Thursday, September 14, 2006

Wikipedia, Phlogiston, and Tradition


When looking at the Wikipedia link about the Phlogiston theory, a couple of things stand out. First, and I think that this is just becuase becuase I am the sort of person who reads the end of a story first, the bibliography only contains one reference, and it is from 1900.

1900? Since it is not a primary source, I find it a little circumspect. Couldn't the author have found the information from a more current source? It is not that I believe that the content of the article is erroneous...it isn't...it's just that really old sources like that cannot be connected to the current literature in a significant way.

The next thing that stands out about the article, to me, is the way that the description of the theory removes it from its historic context. It is one thing to explain who developed the theory and what it stated. I think that that would be in traditional encyclopaedia form. This article in fact tried to elaborate on the history of the theory by describing its "enduring aspects":

'Phlogiston theory allowed chemists to bring explanation of apparently different phenomena into a coherent structure: combustion, metabolism, and formation of rust. The recognition of the relation between combustion and metabolism was a forerunner of the recognition that the metabolism of living creatures and combustion can be understood in terms of fundamentally related chemical processes.'

This statement reeks of positivism.
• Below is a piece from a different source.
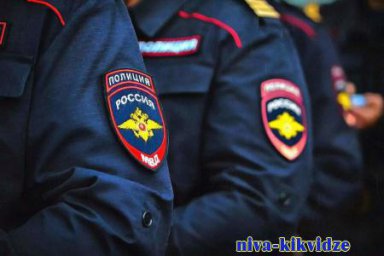 Полицейские поздравили подшефных из Преображенской средней школы с окончанием учебного года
I have a personal dislike for arguments that try to directly connect the science of the present to what was being done in the past. Earlier I mentioned that the article removed the theory from its historic context. I'll elaborate on that now. From my own reading on the subject, what one has to consider when looking at eighteenth century theories is that people saw the world completely differently from the way that we see it. That seems pretty obvious doesn't it: they were living over two hundred years ago, right?

What the article does not explain about the Phlogiston theory is why the theory appeared when it did. Why did it not appear earlier, or later? Perhaps the latter is easier to answer, in the article the author explains that Lavoisier "discovered" oxygen, leading to the notion of oxygenation.

However, why did Becher come up with the theory when he did (by the way...the article does not give an exact date as to when the theory was developed)? That is, why did it appear then? I beleive that this is important information that the aticle negelects to bring up. Becher's theory should be understand as a philosophical theory as much as it is a "scientific" one. The notion of Phlogiston is akin to earlier notions of "life force" (soul, pneuma, chi). That is, it is an unquantifiable factor at play in everyday life. The theory was postulated as a resistence to the iatromechanism of the day.

This is why I thought that the author missed the point of the theory. It was not a precursor of modern chemistry, specifically because it was not intended to help explain physical phenomena in terms of reducible, quantifiable substances.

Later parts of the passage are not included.